Sosteniendo la antorcha, la mujer que la precedía trepó por la roca hacia una estrecha abertura superior. Ayla subió tras la trémula luz apoyándose en las pulidas rocas y respirando hondo hasta llegar al lado de la mujer. La siguió por una estrecha abertura saltando por encima de otras rocas y pasando por un hueco que bajaba hacia el centro del precipicio de roca.

La suave corriente de aire del primer tramo se echaba en falta. Tras atravesar el estrecho agujero era imposible advertir el menor movimiento de aire. El primer indicio de que alguien había pasado por allí antes que ellos eran tres puntos rojos en la pared de la izquierda. Poco después, Ayla distinguió a la luz trémula de la antorcha que mantenía en alto la mujer de delante algo que la sorprendió. No podía dar crédito a sus ojos y habría deseado que la acólita se parara un momento y acercase más la luz a la pared de la izquierda. Se detuvo y esperó a que Jondalar, que iba detrás, la alcanzase.

–Me parece que hay un mamut pintado en la pared –susurró Ayla.

–Sí, hay más de uno –confirmó Jondalar–. Imagino que si la Zelandoni no creyera que tenemos por delante una tarea más importante, te enseñaría esta cueva con la debida ceremonia. A casi todos nos ha traído de pequeños. Bueno, no demasiado pequeños, a una edad suficiente como para entender lo que nos enseñaba. Es escalofriante, pero extraordinario cuando lo ves por primera vez si te lo explican bien. Aunque sepas que forma parte de una ceremonia te pone la carne de gallina.

–¿Para qué hemos venido, Jondalar? –preguntó ella–. ¿Por qué es tan importante?

La acólita se había dado la vuelta y había retrocedido al notar que Ayla ya no la seguía.

–¿No te lo han explicado? –preguntó.

–Jonokol sólo me ha dicho que la Zelandoni quería vernos a Jondalar y a mí –contestó Ayla.

–No estoy del todo seguro –dijo Jondalar–, pero me parece que hemos venido para ayudar a la Zelandoni a localizar el espíritu de Thonolan, y si es necesario ayudarlo a encontrar su camino.

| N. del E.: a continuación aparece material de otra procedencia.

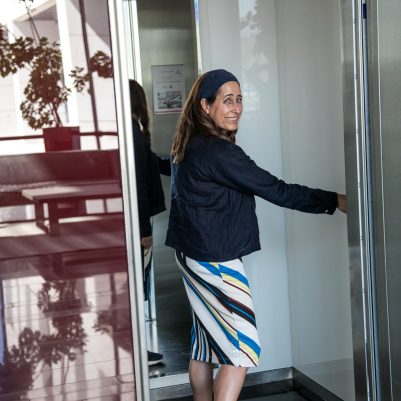 Woman pressing button in elevator 2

Somos los únicos que vimos el lugar donde murió. Con la piedra que me aconsejaste que recogiera, posiblemente la Zelandoni lo conseguirá. Ella dijo que había sido buena idea traerla.

–¿Qué es este sitio? –preguntó Ayla.

–Tiene muchos nombres –respondió la mujer. Jonokol y los otros acólitos habían llegado junto a ellos–. Mucha gente lo llama la Cueva Profunda de la Roca de la Fuente y también Profundidad de la Doni. Los zelandonia conocen su nombre sagrado, y también mucha gente, pero no suele mencionarse. Ésta es la Entrada a la Matriz de la Madre, una de las diversas entradas. Hay otras que son igual de sagradas.